Sales of new homes in the U.S. dropped to the lowest level on record in July 2010, as demand from consumers has dried up after tax breaks for home buyers expired in April 30, 2010.

Purchases dropped 12.4% to a seasonally adjusted annual rate of 276,000 in July, from a downwardly revised 315,000 in June. It is the weakest since data began in 1963, figures from the Commerce Department showed today in Washington.

Inventories of unsold homes remained flat in July at 210,000 for the second straight month, which represents a 9.1-month supply at the July sales rate, up from 8.0 month supply in June.

The median sales price fell 4.8% over the past year to $204,000. The lowest since late 2003.

Home sales had soared in March and April as home buyers rushed to purchase home ahead of the April 30 deadline for the $8,000 tax credit. As was expected, home sales plummeted in May, the first month after government support is removed.

Even with mortgage rates at record lows, buyers are waiting it out. The average rate on a 30-year fixed mortgage dropped to 4.42% in the week ended August 19, according to Freddie Mac.

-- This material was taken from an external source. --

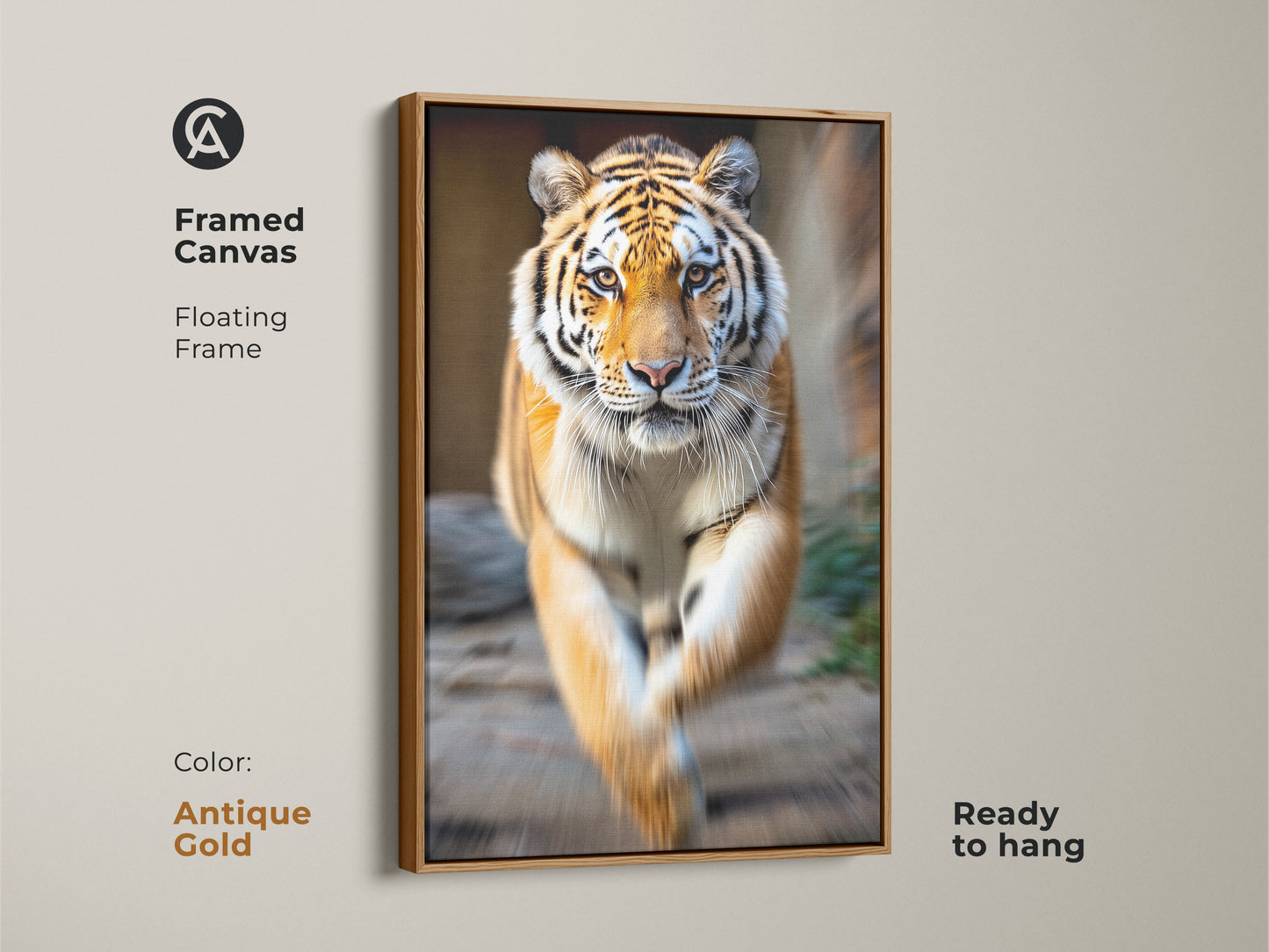 Antique gold framed canvas with a photorealistic tiger. The floating frame highlights the orange black jungle animal artwork. Ready to hang wildlife art for any room.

Job loss and security is hurting consumer confidence, leading to a plunge in home demand that threatens to undermine economic recovery.

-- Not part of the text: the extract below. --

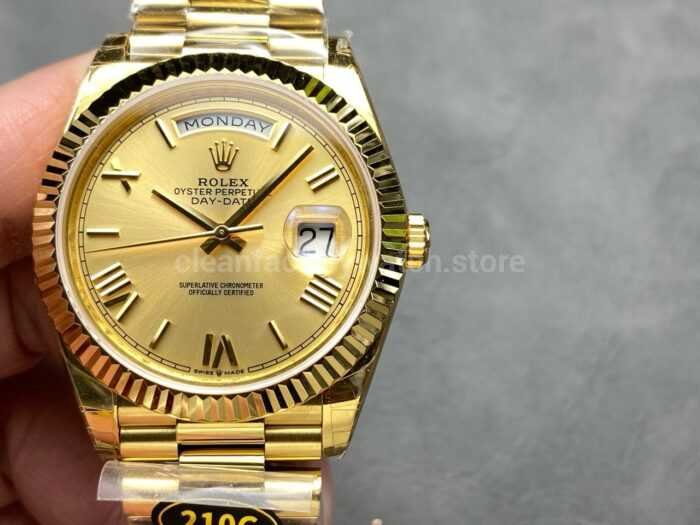 KF Factory Counterweight Rolex Day Date 228238 0006 40mm Full Yellow Gold Roman Numerals Champagne Dial 8 Super Clone Watch,Clean Factory Watch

Private payrolls rose less than 71,000 in July and were revised down for the previous month, the Labor Department reported August 6. Unemployment will end the year at 9.5%, unchanged from the rate in June and July.

Existing home sales sank 27.2% in July, twice as much as analysts expected, to a seasonally adjusted annual rate of 3.83 million units, the National Association of Realtors reported yesterday.

Foreclosures and short-sales are boosting the shadow inventory. Home seizures increased almost 4% in July from the previous month, with 325,229 properties last month getting a notice of default, auction or bank repossession, according to RealtyTrac Inc.